How to create a lattice-type data structure in Haskell? - haskell

I am trying to build a lattice-type of FCA-type of data structure in Haskell where I could check if two entities have a join or not. Actually, I'm not even sure that the lattice is the right structure as it might be a bit "too much".
Here is the context. In a COBOL program analyzer, I have an ontology of data set names, files, records and fields. A data set name can have multiple file names depending on the program, a file can have multiple records and a record can have multiple fields. I'd like this hierarchy to be reflected in the Haskell data structure. But I'd like also to be able to have a relation inherited for file1 and file2 such that I can check if file1 and file2 belong to the same data set name. Actually, this relation could almost be that of "==". But it could simply be that they do have a join in dsn0, for instance.
I have other ontologies in that context that would benefit from a lattice or FCA data structure. For example, I have programs that belongs to job steps and job steps that belong to jobs. If I could easily figure out if two programs belong to the same job, that would be great. Here also, it seems like a "join" operator. Getting the extension (code) of a certain entity would be useful too.
I'm still a bit new to Haskell. I tried to look at the Lattice library but I'm not sure where to go from there, concretely. Any idea of how to get started? A small example of a lattice in Haskell would be very helpful. Thank you very much for your help (and patience).
UPDATE:
The Lattice might not be the best formalism for this as mentioned in the comments. I realize I might just have to use a regular class type of data structure along those lines:
data DSN = DSN {
programFiles :: [ProgramFile]
name :: String
ddn :: DDN
}
data ProgramFile = ProgramFile {
records :: [Record]
name :: String
}
data Record = Record {
fields :: [Field]
name :: String
}
data Field = Field {
name :: String
order :: Int
}
I guess my initial intention behind using a tree/lattice/FCA type of structure is to take full advantage of the functor potential in Haskell which should lead to interesting lattice operations including geting all the extension of a concept, checking that two concepts belong to the same higher-level concept, checking equality '==' of two files through their DSN,...
Maybe a non-binary tree structure would be better? Is it easy to do that in Haskell?
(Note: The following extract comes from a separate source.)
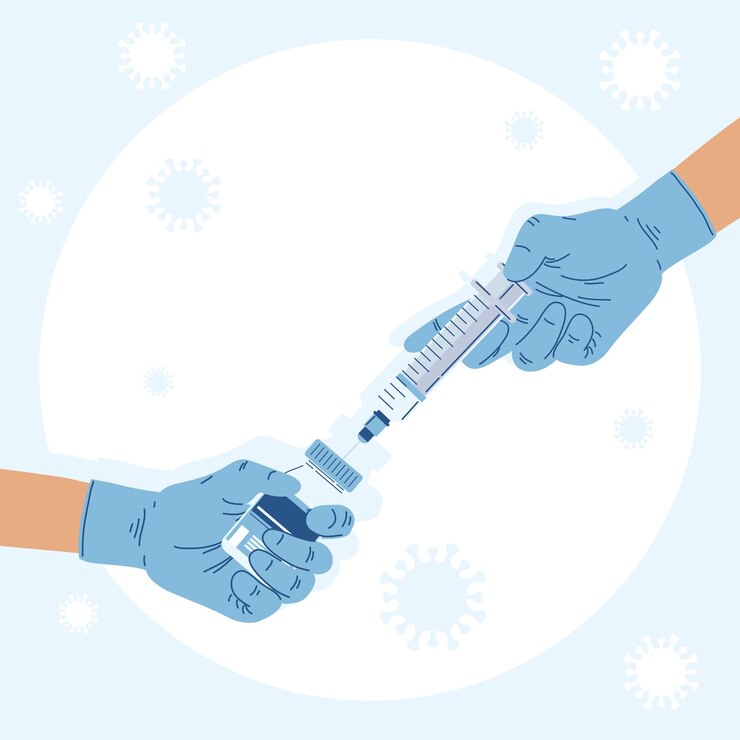 Vector mano con vial y jeringa de vacuna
I recommend making an abstract data type to represent one-to-many relationships. It might look something like this:
module OneToMany (OMRel, empty, insert, delete, source, targets) where
import Data.Map (Map)
import Data.Set (Set)
import qualified Data.Map.Strict as M
import qualified Data.Set as S
data OMRel a b = OMRel
{ oneToMany :: Map a (Set b)
, manyToOne :: Map b a
} deriving (Eq, Ord, Read, Show)
empty :: OMRel a b
empty = OMRel M.empty M.empty
insert :: (Ord a, Ord b) => a -> b -> OMRel a b -> OMRel a b
insert a b (OMRel otm mto) = OMRel
{ oneToMany = M.insertWith S.union a (S.singleton b) $
case M.lookup b mto of
Just oldA -> M.adjust (S.delete b) oldA otm
Nothing -> otm
, manyToOne = M.insert b a mto
}
delete :: (Ord a, Ord b) => a -> b -> OMRel a b -> OMRel a b
delete a b (OMRel otm mto) = OMRel (M.adjust (S.delete b) a otm) (M.delete b mto)
source :: Ord b => b -> OMRel a b -> Maybe a
source b = M.lookup b . manyToOne
targets :: Ord a => a -> OMRel a b -> Set b
targets a = M.findWithDefault S.empty a . oneToMany
(Of course you can flesh out the API with more efficient bulk operations like merging, bulk insert, sequential composition, etc. But this is sort of the minimal construct/consume API that gets you where you need to go.)
Then you need a couple data types to represent your various ontological entries:
newtype Dataset = Dataset { dataset :: String }
newtype Record = Record { record :: String }
newtype Field = Field { order :: Int }
From there you can use values with types like OMRel Dataset FilePath to represent the fact that datasets "contain" files. For querying containment equality, you can write this once and for all via the OMRel API above:
sameSource :: (Eq a, Ord b) => OMRel a b -> b -> b -> Bool
sameSource rel b b' = source b rel == source b' rel
(You may need an extra clause if two missing targets should be considered inequal.) Then, e.g., this can be specialized to
sameSource :: OMRel Dataset FilePath -> FilePath -> FilePath -> Bool
and friends.
You will not be able to make a Functor (or Bifunctor) instance for OMRel because of the Ord constraints. It's not clear to me that fmap/bimap make a TON of sense for this particular data structure, though. For example, if we have associations x :: a <-> y :: b and x' :: a <-> y' :: b, and f b = f b', then should fmap f associate f b with a or a'? If they do turn out to have a sensible interpretation and be useful, you could either pursue the constrained-monads approach or simply offer a function named bimap from the OneToMany module with the appropriate type, but without making it an instance method.

Related

Is there an appropriate optic for set membership?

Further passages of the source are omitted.